ROCHELLE — The Rochelle Planning and Zoning Commission recommended city council approved a new truck stop but not before hearing from some concerned residents.
Loves Travel Stops and Country Stores petitioned the city to rezone 17 acres of property near Interstate 88 and Steward Road on the city’s far south side to construct a truck stop and convenience store, along with a Hardees Restaurant and Chester’s Chicken.
As part of the agreement, Love’s proposes to widen and install traffic signals on Steward Road along with water and sewer improvements to the site, both at an estimated total cost of $1.7 million.
Love’s real estate project manager, Chad Bruner, explained why the family owned and operated business chose Rochelle as their next project, mainly due to a large gap in travel stop facilities between DeKalb and Dixon. Bruner also said the intermodal along with existing and growing industrial areas helped in the decision.
“With the improvements we will make and the service we will provide, we really think we will help spur growth within that area,” Bruner said. “I think what you will find, with us bringing all those utilities in there it will really open it up for additional development.”
Bruner noted between 60 to 80 jobs would be created between the travel stop and adjoining food service facilities. He stressed the approval of Hardees Restaurant and Chester’s Chicken is as of today, but could change.
The travel stop center also proposes to construct a tire shop at the facility.
In the petition, Love’s requested variances of off street parking and the municipal sign ordinance. Kip Countryman, Building Inspector, explained Love’s requested the sign immediately adjacent to the interstate to be 50 feet, with another sign placed between the two entrances off Steward Road, at 25 feet in height.
“Staff feels that since the petitioner has provided documentation of our request for variances, the planning and zoning commission should approve the development,” Countryman said after noting the proposed project variances are not dangerous to public health nor will impair property values to the neighborhood.
The variances will not impede normal development of surrounding public property or congest streets, according to the statement from Countryman.
Three residents voiced concerns, mainly due to the potential for increased noise and air pollution. Resident Eric Gordon said he believes if this project is approved, it will change the “dynamic of our community and my neighborhood.”
“What will happen to my property value when the zoning changes, and what is the plan to reduce noise from more trucks entering and exiting I88?” Gordon questioned, as he stated his concerns. “Is there a plan to circumvent drug and human trafficking?...Who will reimburse the community for increased public services for law enforcement to patrol the facility and the increase in emergency medical services for fire and medical?”
Gordon also questioned debris containment, to which Bruner explained there would be a five-foot fencing along with evergreens on the perimeter to contain any trash.
Resident Ben Baar addressed the commissioners stating his position in favor of the facility.

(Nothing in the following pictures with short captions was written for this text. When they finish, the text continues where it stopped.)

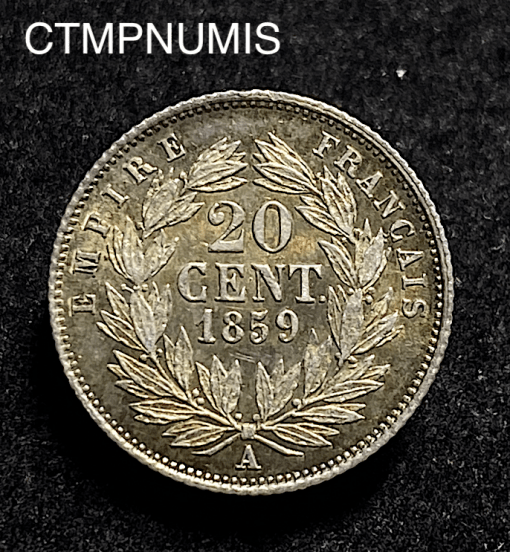 ,20,CENTIMES,ARGENT,NAPOLEON,1859,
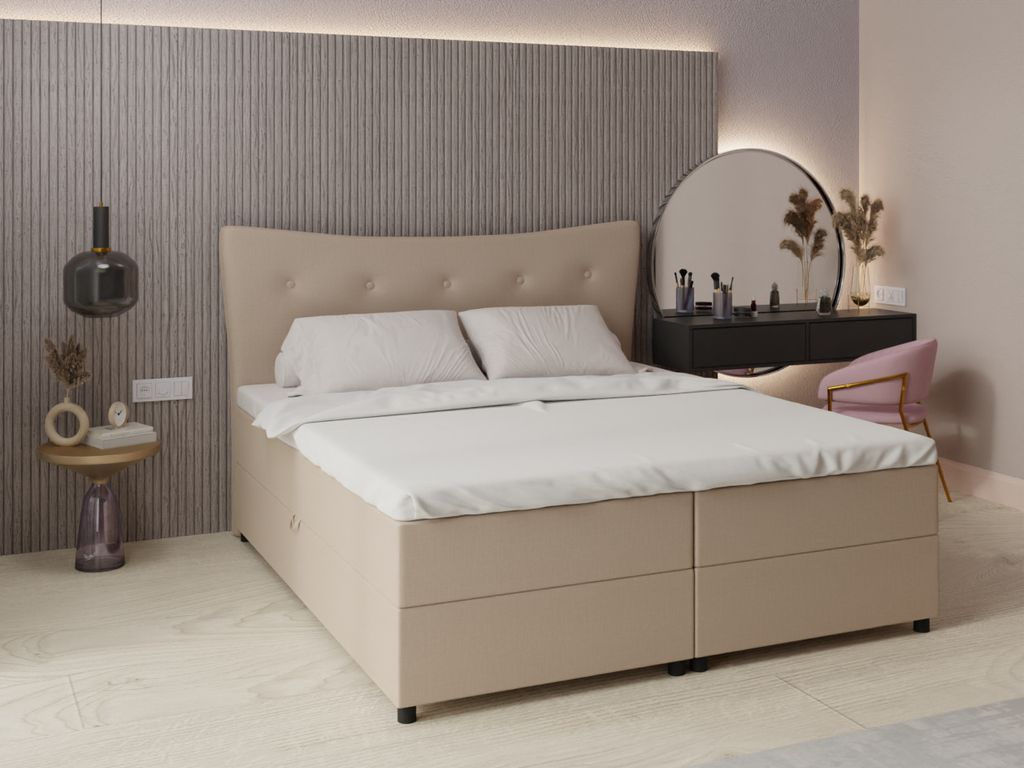 NEVADA Boxspringbett Doppelbett mit hochwertiger Bonell-Matratze und Topper, Polsterbett mit Bettkasten - 180 x 200 cm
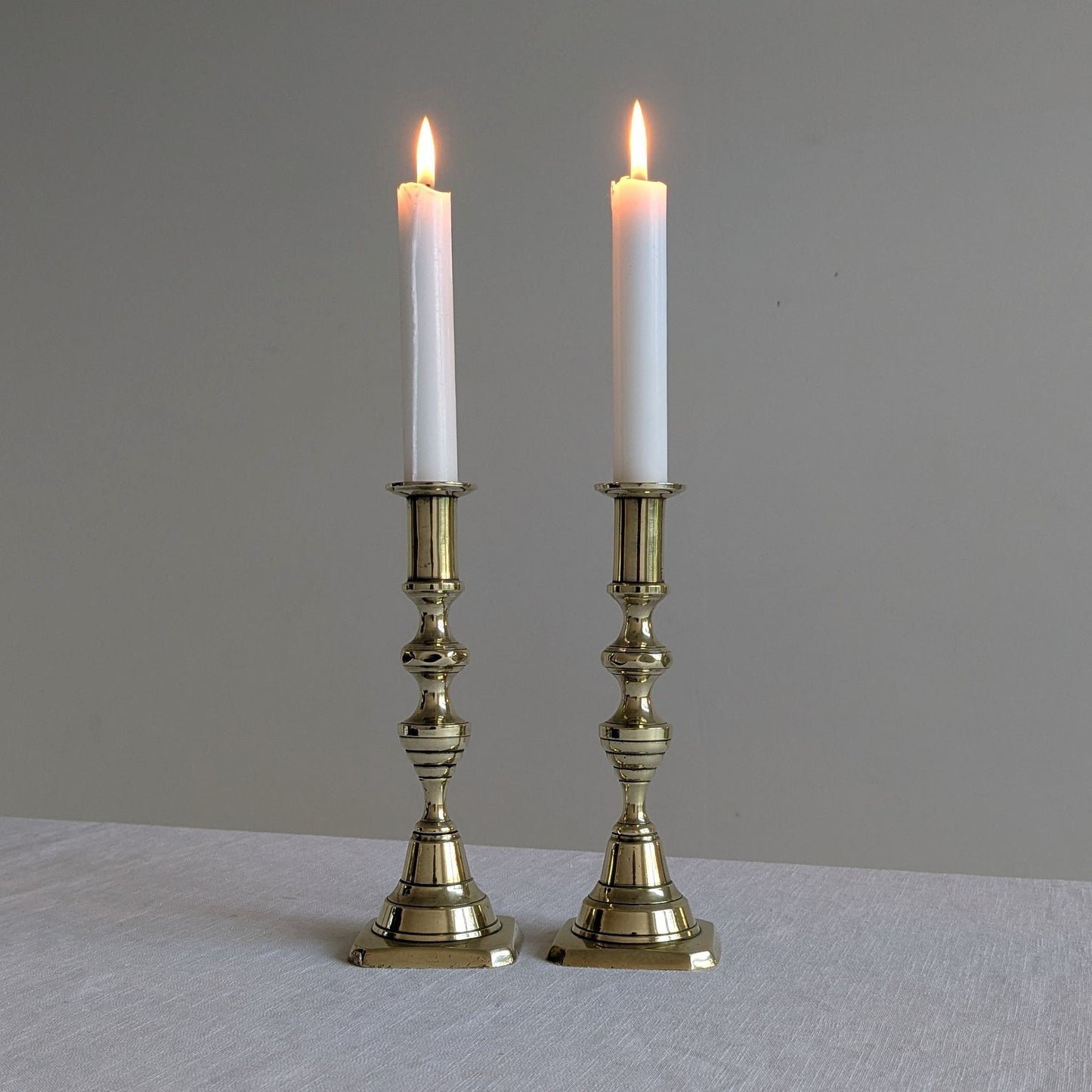 Antique Brass 20cm Beehive Candlesticks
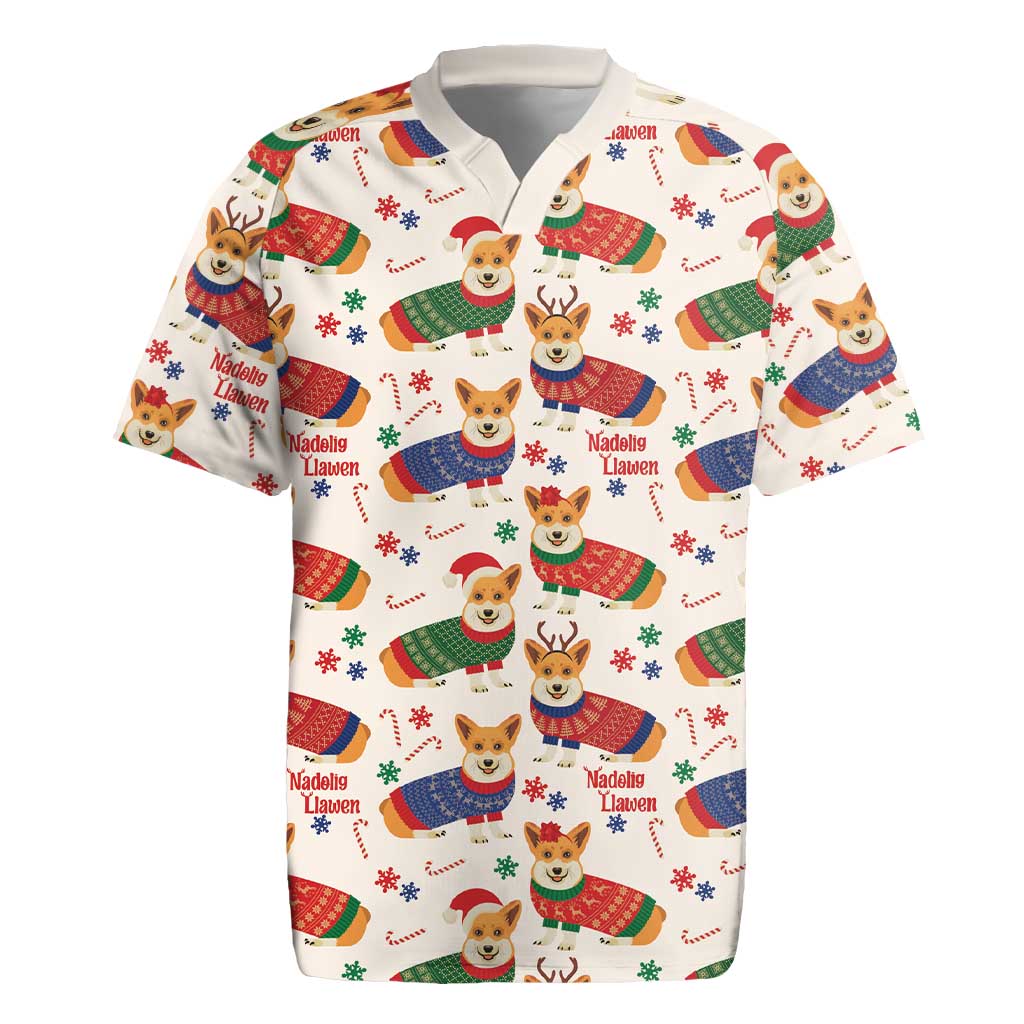 Wales Corgi Christmas Rugby Jersey Nadolig Llawen Welsh Dog Seamless Vibes - Wonder Print Shop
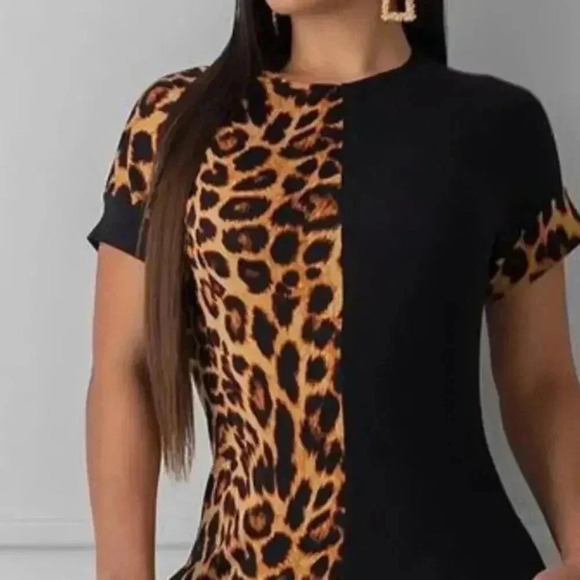 Elegant Leopard Print Crew Neck Short Sleeve Ankle Dress - Picture 2 of 3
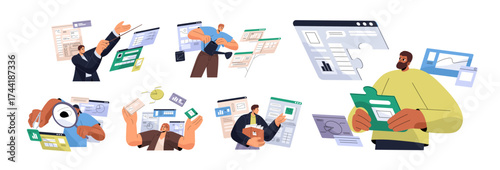 Content manager or maker concept set. Management of marketing, advertising in social media and networks. Analyst of business data works with CMS. Flat isolated vector illustrations on white background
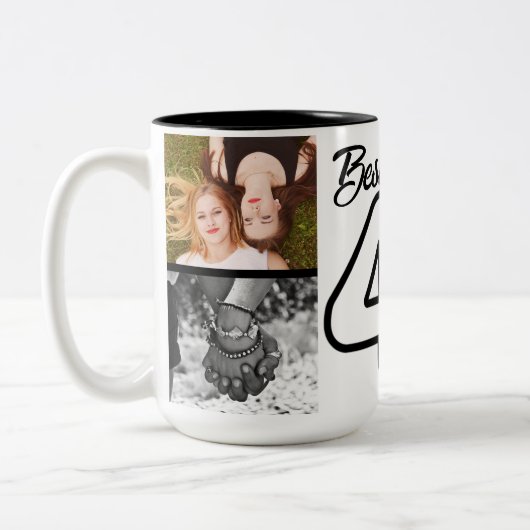 最高のFriends Forever Photo Collage Mag ツートーンマグカップ (左)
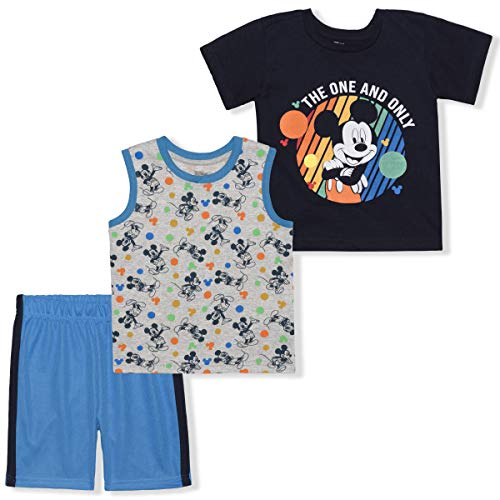 Disney Mickey Mouse Boy's 3 Piece T-Shirt, Tank Top and Shorts Set for Infant and Toddler - Blue/Black/Grey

Baar said he believes there has been a lull in new businesses coming to the far south side of the Hub City.
“I’m kind of excited about the idea of having a business on the far south side. I know there are some cons to brining in a business that will have heavy traffic but I’m excited about having a spark down there, and having the opportunities for further businesses on the far south side,” Baar said. “Bringing in businesses improves our tax base and gives us a chance to get some bigger fish in Rochelle.”
Commissioner Diane McNeilly stated her concerns during open session, mainly from the potential for decreased air quality. McNeilly also said she believes some trucks are not following the law when idled, and required to shut down.
Commissioner Vicki Snyder-Chura questioned that as well. Bruner said the trucking companies are requesting these types of facilities install auxiliary power cords, although he could not be certain the proposed facility would have them, after being prompted by a concerned citizen.
In a series of motions, the five commissioners present voted unanimously on all counts to recommend the city council approve the project.
After the meeting, McNeilly reiterated her concerns.
“I am mostly concerned about the fact that the trucks leave themselves idling…you get the smells away from the truck stops, and I just don’t think it’s a healthy thing to have in our community,” McNeilly said. “I know this can be enforced to have them turn it off and I think we need to be aware of that and police it in our community.”
McNeilly also stated she believes the upside to the project is the sewer and water improvements that Love’s would be constructing.
“That’s a big positive and it works towards what the planning and zoning commission has been working on which is to take our community farther south and that’s good.”
Now that the planning and zoning commission gave the nod, the next step is to have city council vote on the proposed plan at their next meeting. Planning and zoning president Dr. Joe Thiele said it is in the hands of the council members.
“I believe that it will be a positive move…that’s something that the city council will have to discuss. They asked us to go through the list — is this something we don’t want to touch or do we want to deal with? What we’ve said is yes, you go ahead and consider it,” he said.